The temple is open from 7:00 am – 1:00 pm and 4:30 - 8:00 pm. Four daily rituals and many yearly festivals are held at the temple, of which fifteen-day Panguni Uthiram festival celebrated during the Tamil month of Panguni (March - April) when the image of presiding deities are taken around the streets of the temple, being the most prominent. The annual car festival for the Narasimhaswamy temple is celebrated in March and April every year (The Tamil month of Panguni) as per the Vaikhanasa tradition.

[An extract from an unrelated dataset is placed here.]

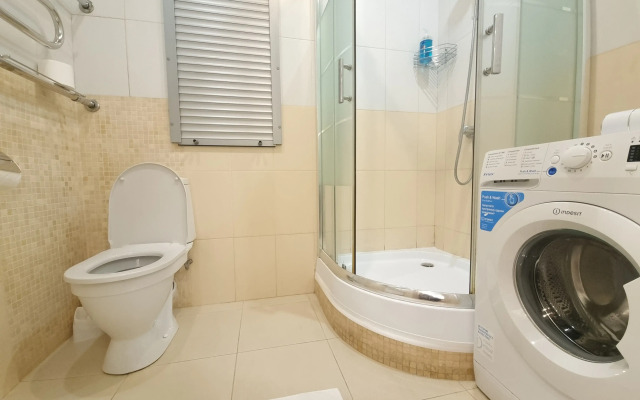 Апартаменты у моста на набережной Москвы реки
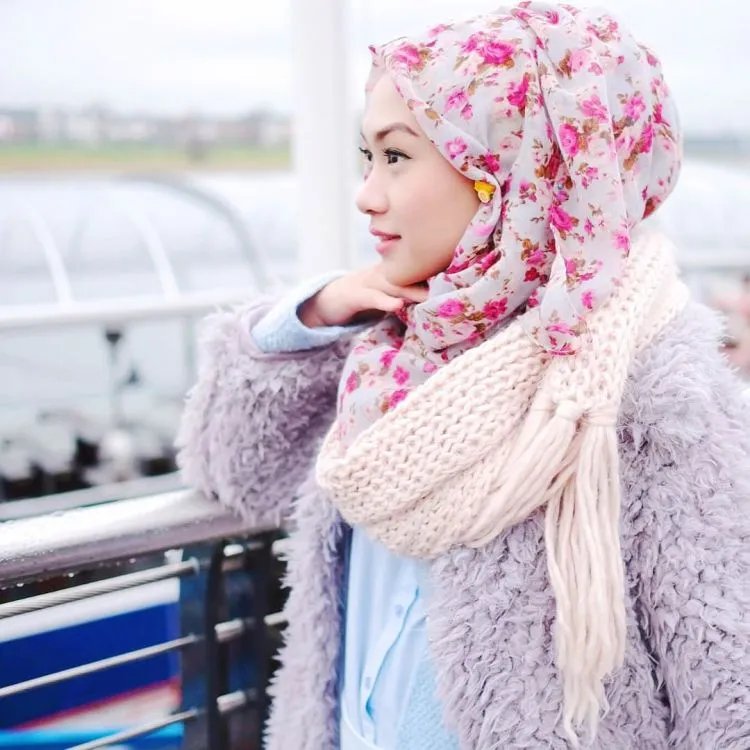 7 Aksesoris Hijab Yang Modern Tapi Belum Banyak Kamu Tahu. Yuk Kepo-in Biar Nggak Ketinggalan Zaman! 15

The temple is maintained and administered by the Hindu Religious and Endowment Board of the Government of Tamil Nadu.

Legend

As per Hindu legend, Hiranyakashipu, an asura king, was troubling the devas (celestial deities) as he got a boon from Brahma that no human can kill him, neither could he be killed in morning, noon or night nor in air, water, or the ground. His son Prahlada was an ardent devotee of Vishnu, garnering the hate of his father. Hiranyakashipu tried to slay Prahalada at various times, just to be saved by the divine grace of Vishnu. During the last heated argument between the two, Hiranyakashipu was asking if Vishnu was present everywhere and went on to break a pillar with his weapon. Vishnu assumed the avatar of Narasimha and came out of the opening in the pillar. Narasimha was a half-human with a lion face and slayed Hiranyakashipu on an evening time in a doorway, which was neither land nor air.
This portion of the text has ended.